Ein Blick auf die Rechnung oder Nachfrage beim Händler sollten Aufschluss bringen. Zur Not Rechner aufschrauben und schauen, ob was Sinnvolles und Nützliches auf dem Riegel zu erkennen ist.

Gruss
Mc Fly


----------



## Iwein (12. August 2004)

Auf der Rechnung stand nur: "512MB PC400 Corsair CL2" aber da gibt es ja die LL VErsion, die Pro Version usw....gibt es irgendwo eine Nummer oder so mit der man den riegel identifizieren kann?


----------



## greynox (12. August 2004)

Hi, 
soweit ich weis wird Dual-Channel RAM nur im Doppelpack ausgeliefert also 2 RAM-Riegel die aufeinander abgestimmt sind!
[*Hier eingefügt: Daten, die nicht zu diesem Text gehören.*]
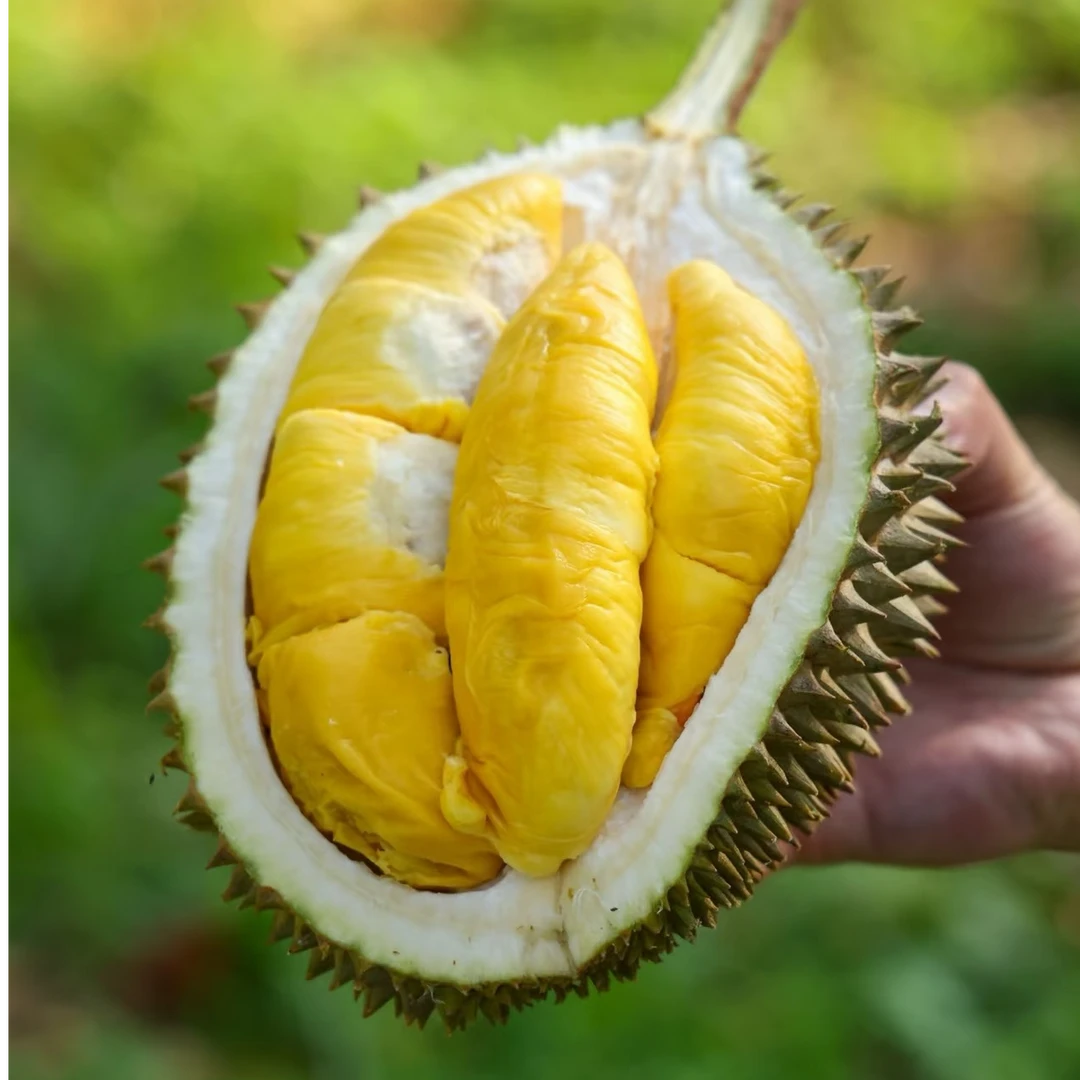【鲜果!A果】马来西亚空运鲜猫山王榴莲 正宗 D197--一个宝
Das heißt leider neuen RAM kaufen  denn du hast wie ich sehe nur einen Normalen ich glaub der heißt auch sogar Singel-Channel . 

Hochachtungsvoll
greynox


----------



## Iwein (13. August 2004)

Das heißt ich muss mir jetztz 1Gigabyte Dualchannelarbeitsspeicher kaufen?
Ich kann bei Dualchannel nicht einfach 2 gleiche Riegel nehmen?
Welchen kann man denn empfehlen? Ich hätte gerne ein GiGAbyte und Pc400. Ich habe das Asus a7n8x deluxe mainboard. Kenne mich da nicht so aus, also danke für eure Hilfe.


----------



## Alex Duschek (13. August 2004)

Dein Mainboard hat doch 3 Speicherstellen.Also kannst du einfach einfach 2*256MB Dualchannel Ram kaufen und den 512er in den 3. Slot reinstecken.So hast du Dualchannel und 1 Gig Ram


----------



## Iwein (17. August 2004)

kann ich auch diese: Speicher 1024 MB DDR-RAM PC-400/TWINX1024-3200LLPRO Corsair CL-2,0 mit meinen 512mb ddr400 ram kombinieren?
Meine sind auch von corsair und sind auch cl2.
hab ich dann immer noch dual channel oder nur 1,5gig singelchannel?


----------



## Opium (17. August 2004)

Singel.
Für Dual brauchst du nur zwei Riegel die gleich groß ,  gleich schnell und am besten [eigentlich nicht unbebingt notwendig ] vom gleichen Hersteller sind.


----------